Carlos Adames is one top middleweight who would gladly fight Janibek Alimkhanuly.
Bob Santos, Adames’ trainer, doesn’t think the feeling would be mutual, though. An Adames-Alimkhanuly bout would be difficult to make because of their competing promotional and platform partnerships, especially since neither fighter has the highest profile, but Santos suspects Kazakhstan’s Alimkhanuly wouldn’t want to face Adames in an official fight after what happened the few times that they sparred.
“Ask Janibek what happened to him when he sparred with Carlos Adames,” Santos told BoxingScene.com. “I can’t imagine what would happen with 10-ounce gloves. And I think anybody that has any kind of eye for the sport of boxing, I don’t know that they’d be favoring Janibek to beat Carlos Adames.”
The left-handed Alimkhanuly tore through Canadian underdog Steven Butler in his most recent defense of the WBO middleweight title. Alimkhanuly (14-0, 9 KOs) knocked Montreal’s Butler (32-4-1, 26 KOs) to the canvas three times on his way to a second-round knockout victory May 13 at Stockton Arena in Stockton, California.
Adames (22-1, 17 KOs) will make the first defense of his WBC interim middleweight title against former IBF/IBO/WBA 154-pound champ Julian Williams (28-3-1, 16 KOs, 1 NC) on Saturday night. Showtime will televise their 12-round, 160-pound bout as the main event of a three-bout broadcast from The Armory in Minneapolis (9 p.m. EDT; 6 p.m. PDT).
Adames wants to challenge unbeaten WBC middleweight champ Jermall Charlo, yet neither Adames nor Santos expect the inactive Houston native to face Adames anytime in the foreseeable future. The Dominican Republic’s Adames is consistently listed as a 5-1 favorite to defeat Philadelphia’s Williams, who is 1-2 in his past three appearances and hasn’t beaten a championship-caliber opponent since he upset then-unbeaten Jarrett Hurd by unanimous decision to win the three aforementioned junior middleweight titles in May 2019.

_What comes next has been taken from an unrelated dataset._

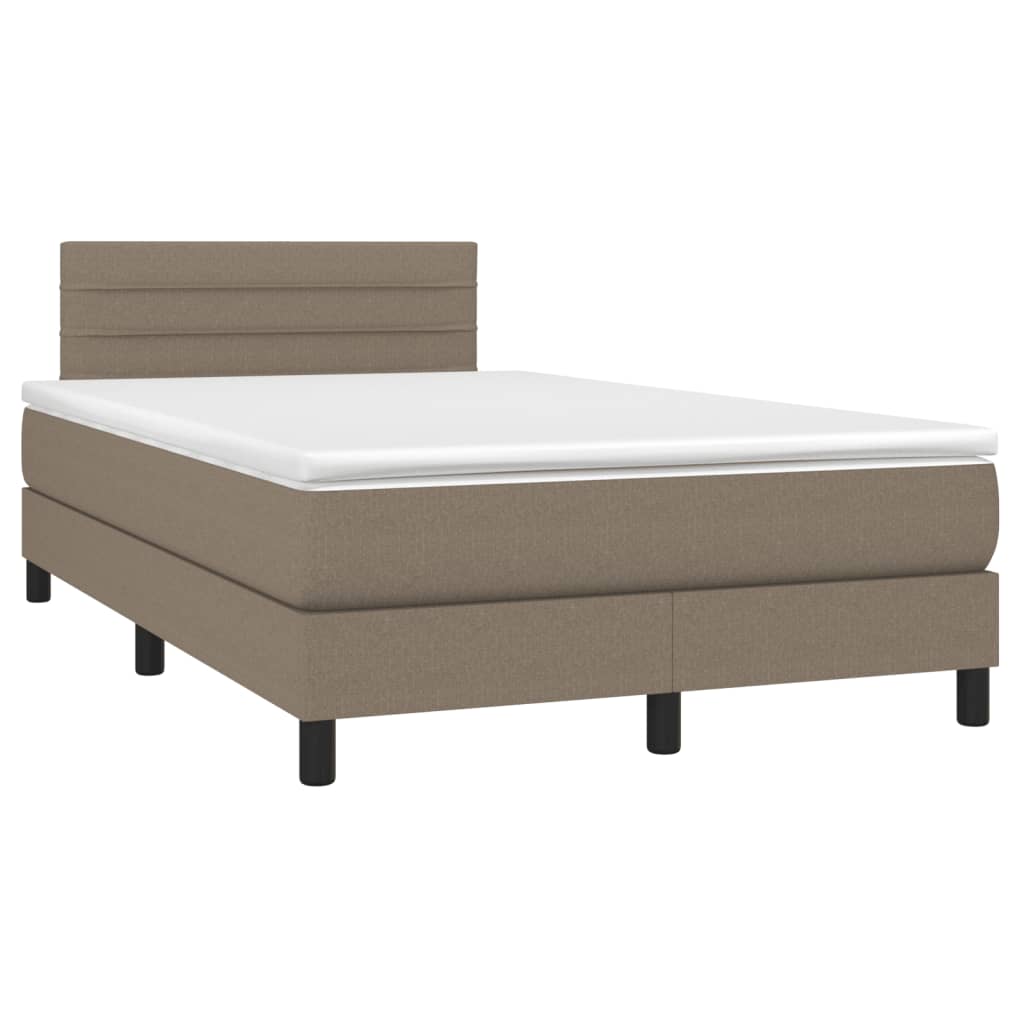 Sommier à lattes de lit matelas et LED taupe 120x190 cm tissu - XIOS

Santos commended Williams for taking this difficult fight against Adames, but he doesn’t think other middleweights will follow Williams’ lead after Saturday night.
“These guys know that Adames is just at a different level,” Santos said. “They know. I think what’s gonna have to happen with Adames is most likely we’re gonna have to go up to ’68, unfortunately. At middleweight, I just don’t think these guys are gonna fight him. … He’s as big a puncher as there is in the division, bigger than most of the 68-pounders.”

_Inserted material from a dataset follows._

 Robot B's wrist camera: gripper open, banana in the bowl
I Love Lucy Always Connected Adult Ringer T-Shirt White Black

Adames is 4-0 since he lost a close 12-round unanimous decision to Brazilian southpaw Patrick Teixeira in November 2019 at The Cosmopolitan of Las Vegas. Losing that fight for the WBO interim junior middleweight title cost Adames his promotional contract with Bob Arum’s Top Rank Inc., which promotes Alimkhanuly, and motivated Adames to take training much more seriously.
The strong, skillful Adames demolished Mexican contender Juan Macias Montiel in his last fight. Adames, who fought from a southpaw stance due to a damaged knuckle on his right hand, stopped Montiel (23-6-2, 23 KOs) in the third round and won the WBC interim championship October 8 at Dignity Health Sports Park in Carson, California.